Agnesa Wlachovská-Búřilová

Personal information
- Other names: Married name: Agnesa Búřilová
- Born: 4 January 1943 (age 83) Rozsnyó, Hungary

Figure skating career
- Country: Czechoslovakia
- Skating club: Slovan Bratislava
- Began skating: 1952
- Retired: 1966

= Agnesa Wlachovská =

Agnesa Búřilová, née Wlachovská, (born 4 January 1943) is a former pair skater who competed for Czechoslovakia.

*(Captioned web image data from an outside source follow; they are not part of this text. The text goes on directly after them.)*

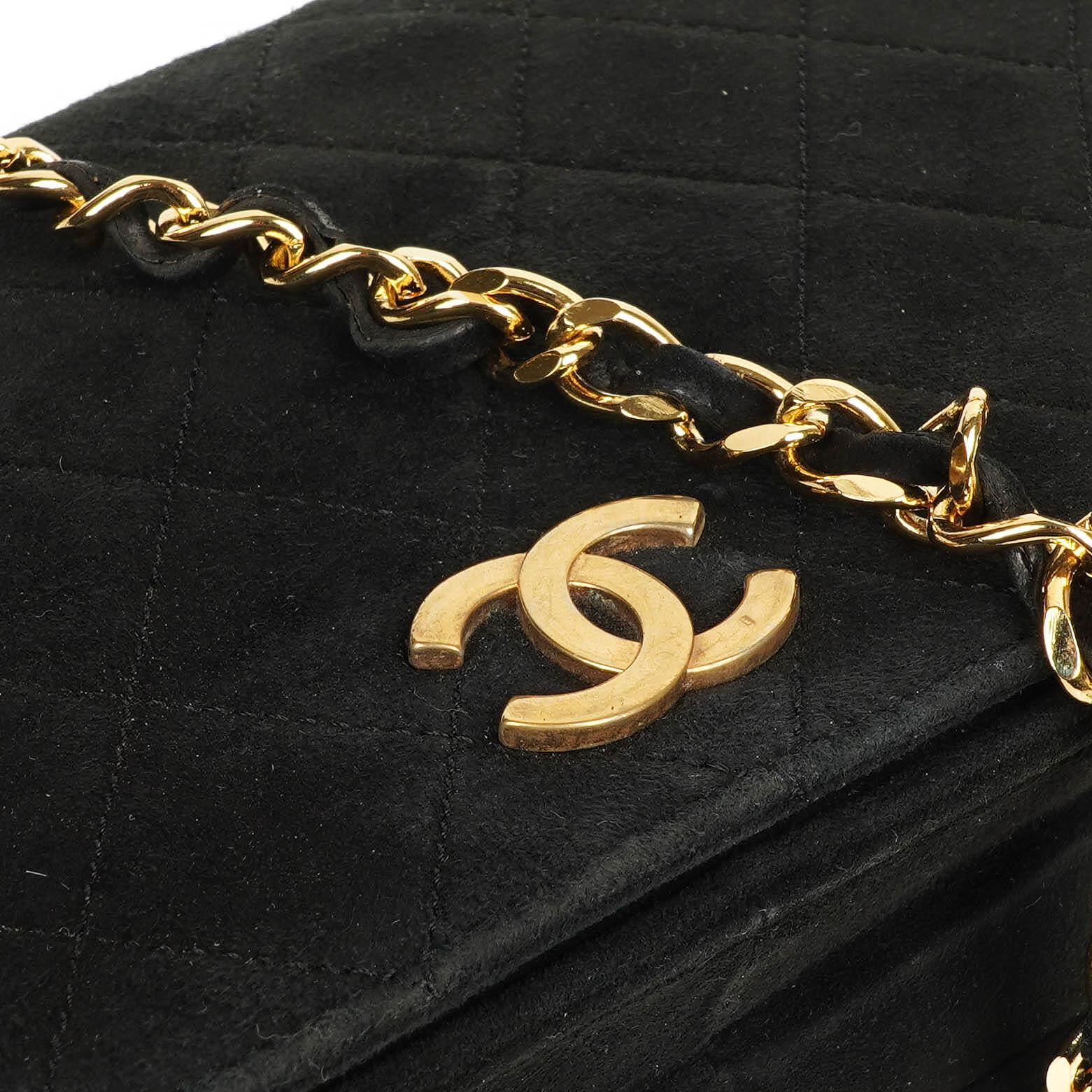 Chanel WOC Mini Klassische Vollklappen Schwarze Gequiltete Wildleder Mit 24K Goldbeschichtetem Zubehör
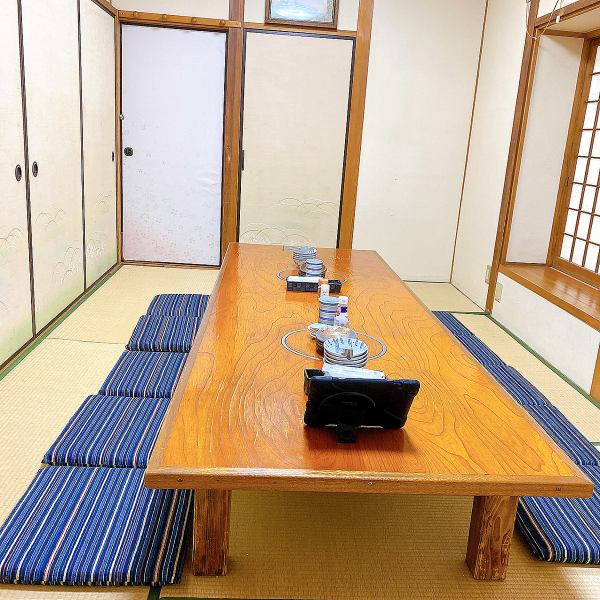 這是一個可容納 7 至 10 人的私人房間。您可以在榻榻米房間放鬆身心。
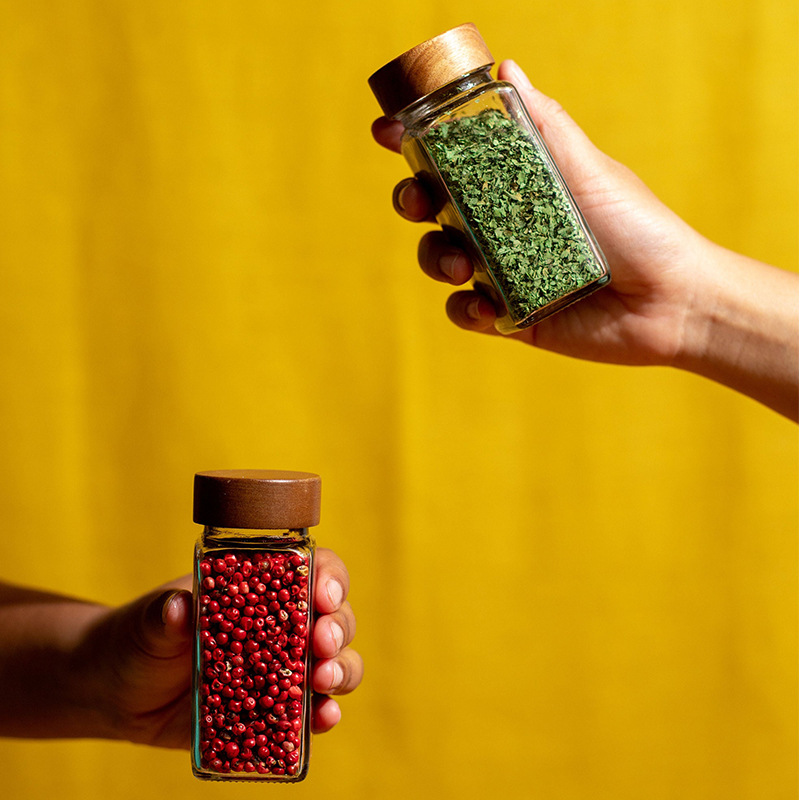 Picture of Wholesale Acacia Wood Cap Seasoning Bottle 120ml Square Lead-Free Glass Seasoning Jar Kitchen Spice Bottle 4oz Seasoning Bottle
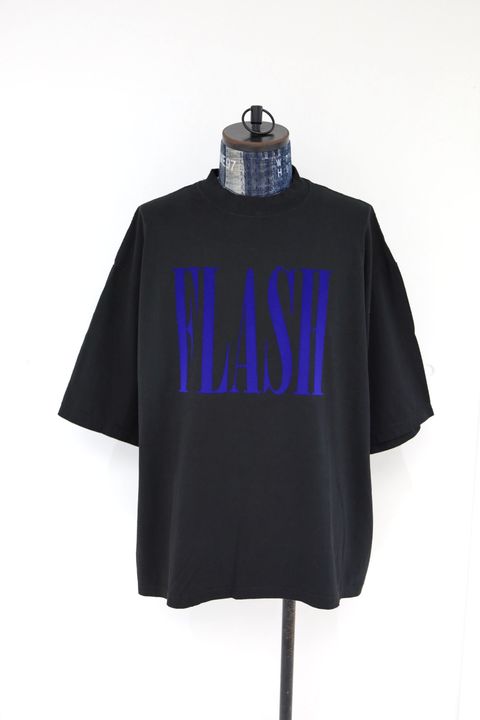 イズネスミュージック 26SS FLASH FLOCKY PRINT T-SHIRT(IMP7_27_FLASH5ST01)BLACK☆新作発売！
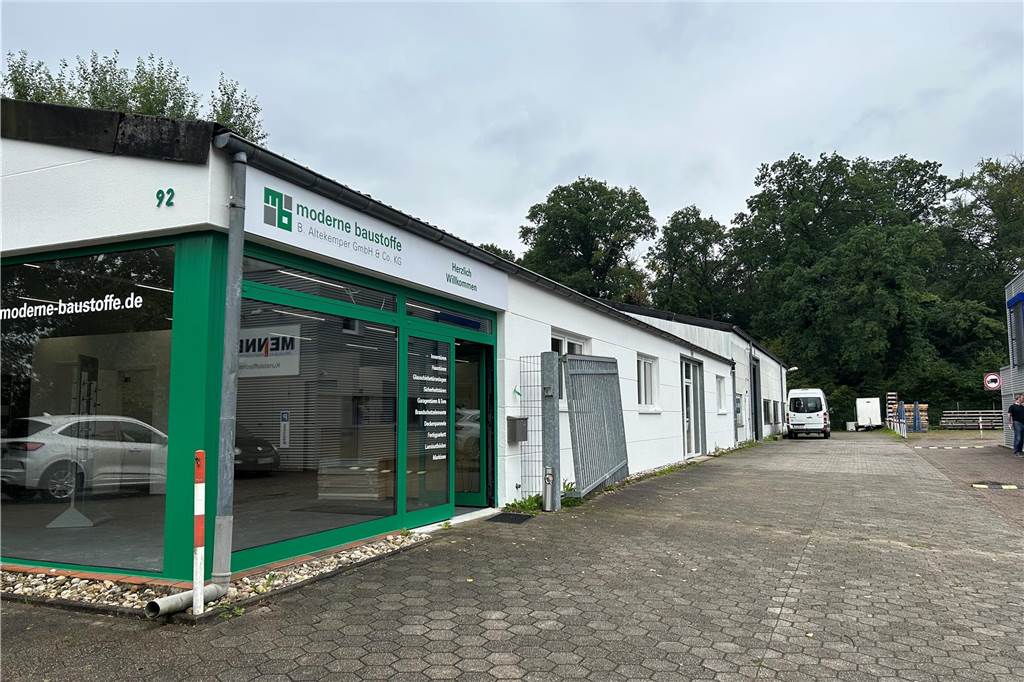 Firma wechselt von Lüdinghausen nach Selm: Näher an die Kunden heran Der neue Sitz der Firma Moderne Baustoffe GmbH & Co KG ist an der Werner Straße 92 in Selm.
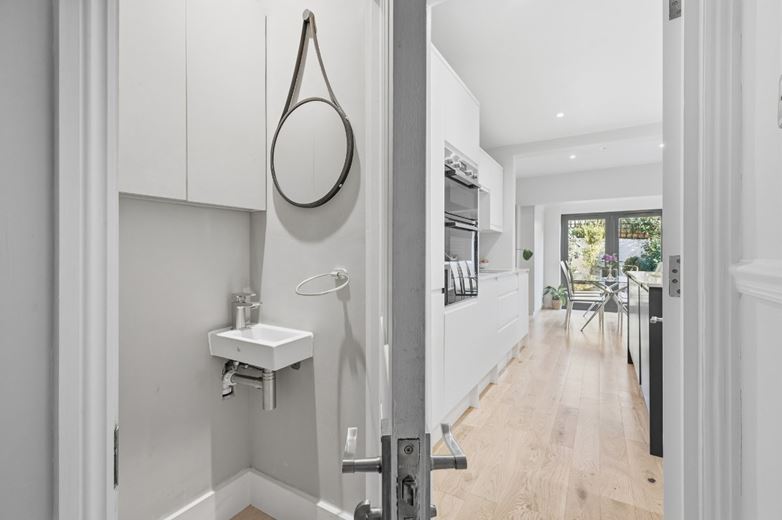 5 bedroom house, Second Avenue, London SW14 - Available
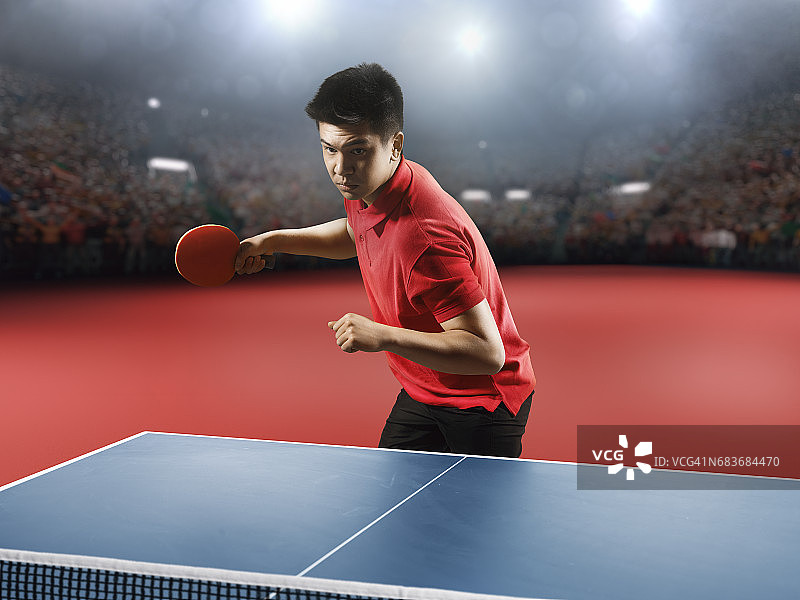 年轻的亚洲乒乓球运动员打乒乓球比赛图片素材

Agnesa Wlachovská began skating in 1952. After switching from singles to pairs, she had some bad falls — one resulted in a concussion that forced her to repeat a school year. With partner Peter Bartosiewicz, she finished ninth at the 1964 Winter Olympics. She became a coach after retiring from competition, working with 1984 Olympic bronze medalist Jozef Sabovčík.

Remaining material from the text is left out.